[What you should do] Please output exactly the lines below, starting at the line that has "Voodi või voodid" and ending at the line that has "A Close Up Of", both included; leave out all pictures and include nothing else.

[Provided material]
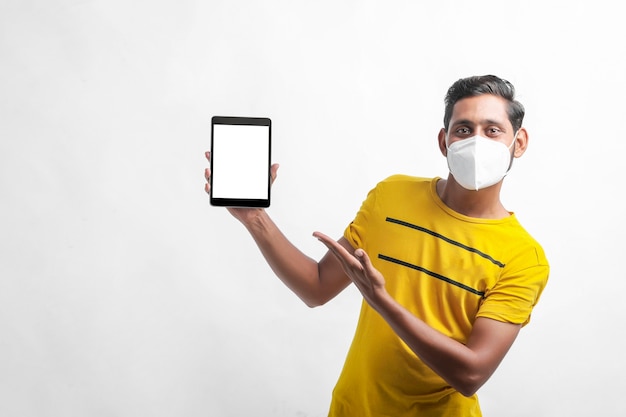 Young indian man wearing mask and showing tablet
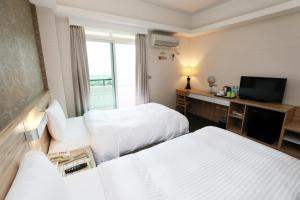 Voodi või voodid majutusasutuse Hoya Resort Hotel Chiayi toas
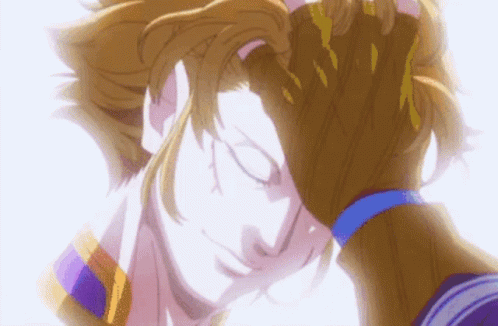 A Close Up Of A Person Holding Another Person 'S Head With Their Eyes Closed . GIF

==

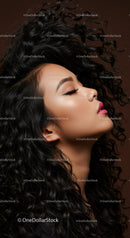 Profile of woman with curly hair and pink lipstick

[Solution for this exercise]
 Voodi või voodid majutusasutuse Hoya Resort Hotel Chiayi toas
 A Close Up Of A Person Holding Another Person 'S Head With Their Eyes Closed . GIF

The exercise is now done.